* DIRECTIONS FOR THIS TASK:
Each line of the listing below must be retyped as given.

* DATA EXTRACT:
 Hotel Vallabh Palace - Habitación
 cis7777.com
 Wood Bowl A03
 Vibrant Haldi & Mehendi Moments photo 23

* ANSWER BOX:
 Hotel Vallabh Palace - Habitación
 cis7777.com
 Wood Bowl A03
 Vibrant Haldi & Mehendi Moments photo 23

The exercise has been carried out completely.